At the end of May over 200 Irish educators gathered at the University of Limerick for this year’s Irish Learning Technology Association (ILTA) Conference – EdTech 2015. It was pleasing to see so many people at the conference as current efforts to build digital capacity, promote institutional collaboration, and support new models of teaching and learning, depends to a large extent on the health, vibrancy and level of activity of our professional bodies. While it is important for us to contribute to major European and international communities in the field this should not be at the expense of supporting local, grass-root, professional learning opportunities.
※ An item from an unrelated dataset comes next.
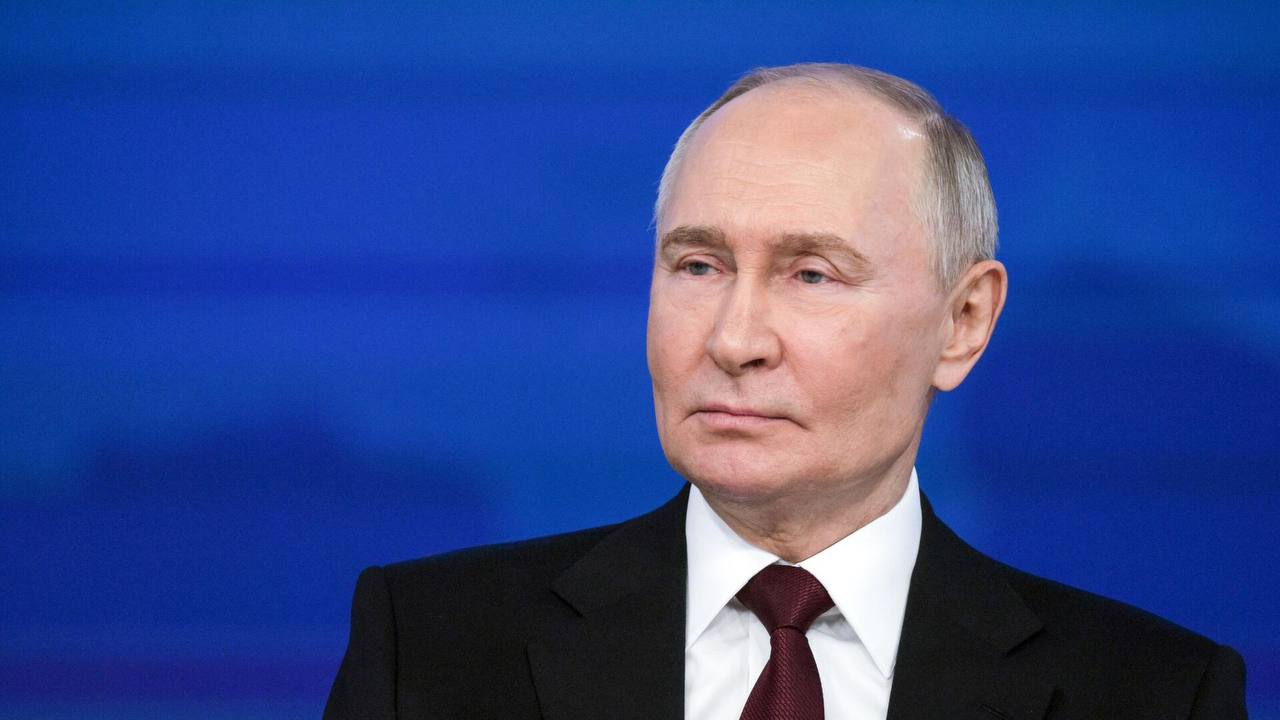 Владимир Путин распорядился создать межведомственную рабочую группу по вопросам воспитания детей и молодежи. Ее возглавил Кириенко. Лучше и не скажешь. Подписаться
The National Institute for Digital Learning (NIDL) is committed to supporting the work of ILTA, as evidenced by our successful partnership in developing and launching Ireland’s first Horizon Report for Higher Education. A large team of NIDL staff also travelled to Limerick in order to attend and contribute to this year’s conference. Notably, our people were presenters or co-presenters of 14 conference papers. Several other DCU staff and colleagues in our linked College also contributed to the conference over the two days with a variety of papers, posters and/or Gásta presentations.
We have embedded links to some of our presentation slides in this posting and the brief personal reflections on the conference that follow from Dr Mark Glynn.
Reflections from Mark Glynn…
There are numerous conferences on my radar every year with the ILTA “EdTech” conference always an interesting one to attend – one which I try to never miss. This year there seems to be more conferences than ever — or maybe just more that I have been aware of in the past — so I have become more fussy and discerning about which conferences I choose to attend. So why did EdTech make my list?
First and foremost it is an Irish conference bringing Irish educators together – which yields tremendous opportunity for collaboration. It is always exciting to see what our counterparts in other institutions are doing but when they are neighbouring institutions it makes the conference so much more relevant.
Second, with over 200 participants and 5 parallel streams there was bound to be several presentations that will be relevant
Finally, it is the informal atmosphere of the conference, combined with the openness of participants with respect to their willingness to share
These three factors ensure that EdTech will always appear high on my list. With respect to presentations that stood out for me: top of the list is the launch of the Horizons report. Having been involved with this since the start I was very excited to see the official launch and to quote Larry Johnson, CEO of NMC, “it is a catalyst for conversation”. Helen Beetham’s keynote resonated quite strongly with me too.
The talk from the team based in UL (Liam Murray, James Patton and Geraldine Exton) – “Gamification for education: rants, retorts, rebuttals and refinements” struck a chord with me. The Gasta sessions always throw up some good ideas and the thing that I like most about this format is that if you are not interested in what the current speaker has to say – you just need to wait 5 minutes for the next speaker. Our own Conor Sullivan raised a lot of interest with the use of Google drive for teaching practice.
The final presentation that stood out for me was the Assessment and Feedback presentation given by Lisa O’Regan from Maynooth University on behalf of a larger collaborative team – “Assessment Feedback Practice In First Year using Digital Technologies – A Baseline Review”. This is an interesting project funded by the National Forum with plenty of potential to make a significant contribution to the sector.